Portugal Joins EU Push for Windfall Tax on Energy Companies as Brent Tops $109
Portugal's Finance Minister Joaquim Miranda Sarmento has joined his counterparts from Germany, Spain, Italy and Austria in a joint letter to Brussels calling for a new EU-level windfall tax on energy companies — a direct response to oil prices...
Portugal's Finance Minister Joaquim Miranda Sarmento has joined his counterparts from Germany, Spain, Italy and Austria in a joint letter to Brussels calling for a new EU-level windfall tax on energy companies — a direct response to oil prices breaching $109 per barrel following a fresh attack on an Iranian petrochemical facility and an escalating ultimatum from US President Donald Trump over the Strait of Hormuz.
The European Commission confirmed receipt of the letter on Monday and said it is "currently analysing it." A Commission spokesperson noted that the situation "differs from the 2022 energy crisis" while stressing that Brussels would "take into account the lessons from 2022, including the temporary solidarity contribution" — the windfall profits levy applied to fossil fuel companies following Russia's invasion of Ukraine.

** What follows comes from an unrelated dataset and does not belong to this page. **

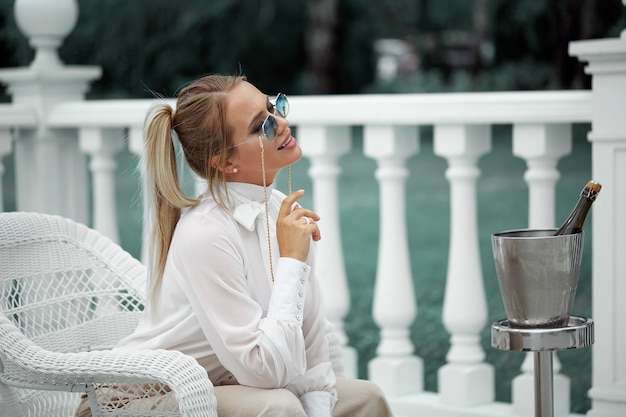 Portrait d'une jeune femme élégante posant dans des lunettes de soleil, assise sur une chaise en osier blanc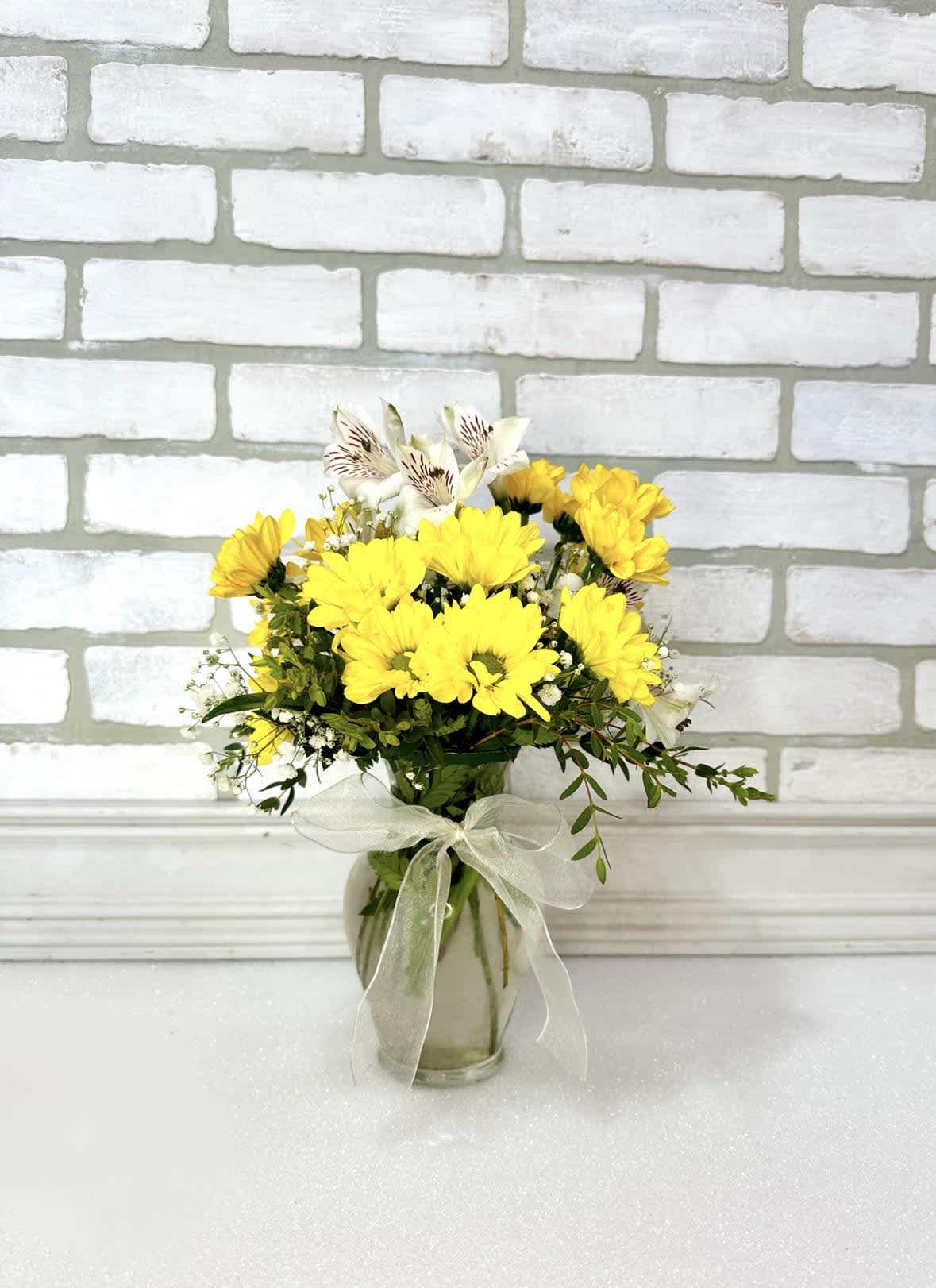 Ray of Sunshine - A petite display of yellow daisies and white alstroemeria.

What the Five Ministers Are Asking For
The joint proposal, modelled on the 2022 solidarity contribution, would impose a levy on energy company profits that exceed a defined baseline — effectively capturing the exceptional revenues that oil and gas companies are generating as the Iran conflict drives prices higher. The five finance ministers argue the measure would accomplish three things: fund temporary consumer relief measures, help contain inflation, and reduce the impact on national public accounts of energy subsidy programmes.
Portugal, Germany, Spain, Italy and Austria together represent a significant bloc within the EU's 27-member economic governance structure. Their coordinated action signals growing political impatience with energy price volatility and its asymmetric impact — consumers absorbing higher costs while energy companies report surging revenues.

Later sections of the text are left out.